Viewed as a matter of political leadership, Roosevelt’s Grand Experiment took the form of what can be called broker leadership. During his first two years in office he seemed to conceive of his
presidential role as one of dealing with and mediating among the leaders of organized groups, especially labor, farmers, and businessmen. If the economics of the broker state meant improvisation, a host of energetic and ill-assorted government programs, and economic betterment without real recovery, the politics of broker leadership brought short-term political gains at the expense, perhaps, of long-term strategic advance.
Roosevelt was no theorist. It is doubtful that he chose this course as a result of a well-defined political philosophy. It simply emerged, shaped only roughly by his underlying concept of the public good, from the day-to-day projects and improvisations of his regime. It probably never occurred to him that the NRA, with its functional representation of business and labor groups, and the AAA, dominated by the big farm groups, showed some likeness to the corporate state fashioned by Benito Mussolini, with its syndicates of workers and employers.

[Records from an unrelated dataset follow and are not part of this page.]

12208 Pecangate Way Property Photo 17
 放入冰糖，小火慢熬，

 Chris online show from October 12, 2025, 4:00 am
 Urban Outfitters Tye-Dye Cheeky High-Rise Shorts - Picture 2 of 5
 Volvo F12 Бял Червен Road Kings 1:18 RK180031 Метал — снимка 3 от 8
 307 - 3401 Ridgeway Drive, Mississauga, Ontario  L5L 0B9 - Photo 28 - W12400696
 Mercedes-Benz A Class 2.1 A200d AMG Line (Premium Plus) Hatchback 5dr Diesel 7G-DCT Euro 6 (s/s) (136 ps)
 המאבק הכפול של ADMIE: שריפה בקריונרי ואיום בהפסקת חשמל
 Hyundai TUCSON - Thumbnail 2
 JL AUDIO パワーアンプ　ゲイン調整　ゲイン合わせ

But George Peek, AAA chief, saw that the power of special interest groups could not be separated from the state, even in a democracy. “The truth is,” he said bluntly, “that no democratic government can be very different from the country it governs. If some groups are dominant in the country, they will be dominant in any plan the government undertakes.”
Such an approach had profound implications for Roosevelt’s political leadership. It meant that he took the more passive method of responding to major political and economic pressures, rather than the more positive one of deliberately building up some voting alignment on the left or right that would recast the basic pattern of political power. It meant that he ignored the possibilities for the future of a voting alignment of great strength—one composed of less privileged farm groups, masses of unorganized or ill-organized industrial workers, consumers, Negroes, and other minority groups. It is significant that the President allowed consumers short shrift in NRA and AAA, that he failed to put pressure behind the food and drug bill that Tugwell had drawn up for the protection of consumers, that he allowed postponement of unemployment and old-age pension measures, that he showed little interest at first in Wagner’s efforts to strengthen labor’s right to organize, that he was hazy and cool on the subject of a pending antilynching bill.
From the standpoint of immediate political gains, however, Roosevelt’s way was most effective. The congressional elections of 1934 were coming up. In an “off” election year, with no presidential contest to give a national orientation to the thousands of state and local contests across the nation, American elections tend to break up into forty-eight different arenas, and each of these arenas in turn presents a jumble of guerrilla contests revolving around personalities, patronage, local issues, and hardy election perennials
such as corruption and crime. Parties and programs tend to be lost in the dust of battle as candidates and their personal factions struggle for votes.